Türk halk müziğinin en duayen isimlerinden olan Neşet Ertaş ölümünün altıncı yılında çeşitli etkinliklerle anılıyor.

İşte ölümsüz usta Ertaş’ın hayat hikayesi:

Bozlak türkülerini ” feryat ” olarak isimlendiren Ertaş, 1938 yılında Kırşehir’in Çiçekdağı ilçesinde hayata gözlerini açtı. Müzik hayatına başlamasındaki en önemli etken kendisi gibi saz üstadı olan babası oldu. Sanatçının çaldığı ilk çalgı annesinin yaptığı oyuncak bağlamaydı. Küçük yaşta bağlama ve keman çalmayı öğrendi. Küçükken babasıyla köyün eğlencelerinde saz çalıp türkü söylerlerdi.

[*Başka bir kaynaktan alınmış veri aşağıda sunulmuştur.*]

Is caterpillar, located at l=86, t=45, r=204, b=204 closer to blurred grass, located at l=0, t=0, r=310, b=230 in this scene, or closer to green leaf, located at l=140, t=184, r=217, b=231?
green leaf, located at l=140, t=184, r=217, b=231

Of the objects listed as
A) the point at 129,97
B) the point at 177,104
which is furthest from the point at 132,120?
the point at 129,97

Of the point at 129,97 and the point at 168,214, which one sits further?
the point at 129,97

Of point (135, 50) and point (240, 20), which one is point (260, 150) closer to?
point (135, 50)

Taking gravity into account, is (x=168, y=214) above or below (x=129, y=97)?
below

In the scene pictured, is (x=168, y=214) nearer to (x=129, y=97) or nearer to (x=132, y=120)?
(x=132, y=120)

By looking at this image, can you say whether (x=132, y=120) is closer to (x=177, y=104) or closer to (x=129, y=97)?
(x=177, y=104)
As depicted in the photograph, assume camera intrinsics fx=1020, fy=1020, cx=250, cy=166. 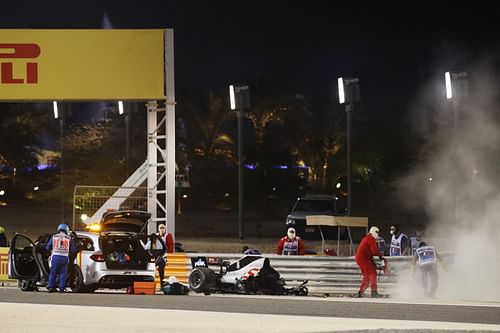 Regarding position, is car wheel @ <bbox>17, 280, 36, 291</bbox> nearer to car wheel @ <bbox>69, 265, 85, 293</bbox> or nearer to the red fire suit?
car wheel @ <bbox>69, 265, 85, 293</bbox>

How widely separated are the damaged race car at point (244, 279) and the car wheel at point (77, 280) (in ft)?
6.98

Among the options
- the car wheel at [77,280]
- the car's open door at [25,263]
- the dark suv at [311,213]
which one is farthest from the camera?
the dark suv at [311,213]

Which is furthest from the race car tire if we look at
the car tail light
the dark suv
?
the dark suv

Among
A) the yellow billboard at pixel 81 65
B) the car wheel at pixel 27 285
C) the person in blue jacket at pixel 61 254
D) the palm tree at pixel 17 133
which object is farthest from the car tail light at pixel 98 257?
the palm tree at pixel 17 133

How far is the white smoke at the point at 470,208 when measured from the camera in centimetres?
2194

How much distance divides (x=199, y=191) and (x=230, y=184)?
5.78ft

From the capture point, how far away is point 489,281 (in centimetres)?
2195

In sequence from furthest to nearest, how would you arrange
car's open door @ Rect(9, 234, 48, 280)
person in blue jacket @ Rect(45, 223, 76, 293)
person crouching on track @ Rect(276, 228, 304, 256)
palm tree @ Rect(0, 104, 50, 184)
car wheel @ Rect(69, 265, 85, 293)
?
palm tree @ Rect(0, 104, 50, 184) → person crouching on track @ Rect(276, 228, 304, 256) → car's open door @ Rect(9, 234, 48, 280) → car wheel @ Rect(69, 265, 85, 293) → person in blue jacket @ Rect(45, 223, 76, 293)

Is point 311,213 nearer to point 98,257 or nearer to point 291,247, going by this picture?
point 291,247

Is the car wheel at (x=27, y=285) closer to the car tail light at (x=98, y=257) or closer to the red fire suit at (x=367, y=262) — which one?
the car tail light at (x=98, y=257)

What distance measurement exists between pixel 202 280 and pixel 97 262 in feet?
6.80

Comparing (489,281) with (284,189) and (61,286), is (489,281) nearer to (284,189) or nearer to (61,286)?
(61,286)

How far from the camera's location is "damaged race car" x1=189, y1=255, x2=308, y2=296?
19.9 m

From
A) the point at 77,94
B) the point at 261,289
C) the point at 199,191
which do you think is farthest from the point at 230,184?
the point at 261,289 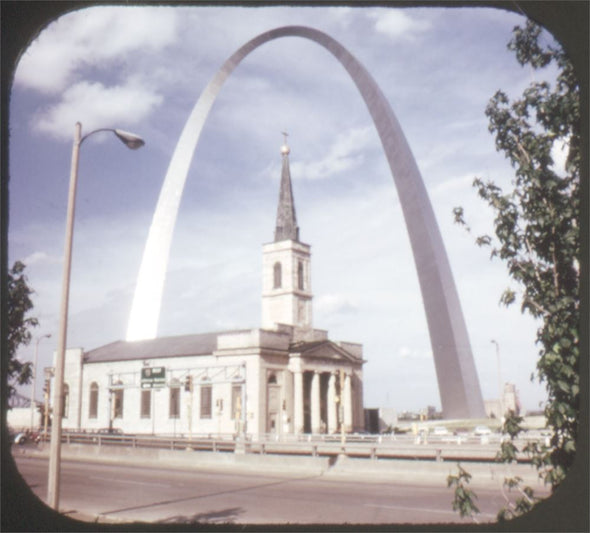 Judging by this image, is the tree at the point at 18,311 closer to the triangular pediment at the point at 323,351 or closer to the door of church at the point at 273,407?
the door of church at the point at 273,407

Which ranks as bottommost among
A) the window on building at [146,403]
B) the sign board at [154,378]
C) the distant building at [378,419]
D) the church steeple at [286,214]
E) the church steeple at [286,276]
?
the distant building at [378,419]

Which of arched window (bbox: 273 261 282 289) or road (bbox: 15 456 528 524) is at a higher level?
arched window (bbox: 273 261 282 289)

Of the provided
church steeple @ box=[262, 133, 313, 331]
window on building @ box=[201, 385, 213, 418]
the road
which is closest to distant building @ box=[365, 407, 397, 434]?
church steeple @ box=[262, 133, 313, 331]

8 yıl boyunca Kırşehir, Nevşehir, Niğde, Kırıkkale, Keskin, Yerköy, Kayseri, Yozgat gibi yerleri gezerek babası ile birlikte geçimlerini sağlamaya çalıştı. Hal böyle olunca okula gidemeyen Ertaş’a, ağabeyi okuma ve yazmayı öğretti.

14 yaşında ilk albümünü yaptı.

Babasıyla aynı ruha sahip olduğunu her zaman niteleyen Ertaş, 1950’li yılların başında İstanbul’a gelerek babasının yazmış olduğu ” Neden Garip Garip  Ötersin Bülbül” adlı türküsüyle ilk plağını müzikseverlerine sundu. İstanbul Şen Çalar Plak’tan çıkan bu çalışmasıyla herkesin sevgisini kazanan Ertaş, geniş kitlelere ulaşmış ve tüm Anadolu da dinlenen bir ozan haline gelmiştir.

Geniş halk kitlelerinin yanı sıra musiki çevrelerinde de büyük ilgi uyandıran usta müzisyen “Garip” takma adıyla yazdığı şiirlerinde kendi hayatını tanıttı.

” Türkülerinin Babası “, ” Anadolu Efsanesi “, “Abdal Müzisyen” lakaplarıyla tanınan sanatçı İstanbul’da geçirdiği 2 yıldan sonra Ankara’ya yerleşti ve sanat hayatına burada devam etti.

Ankara Radyosu’nda “Mahalli Sanatçı” unvanıyla programlar yapmaya başladı. Yaşadığı sağlık sorunları nedeniyle enstrüman çalamamaya başlayan Ertaş, kardeşinin de daveti üzerine tedavisi için Almanya’ya yerleşti.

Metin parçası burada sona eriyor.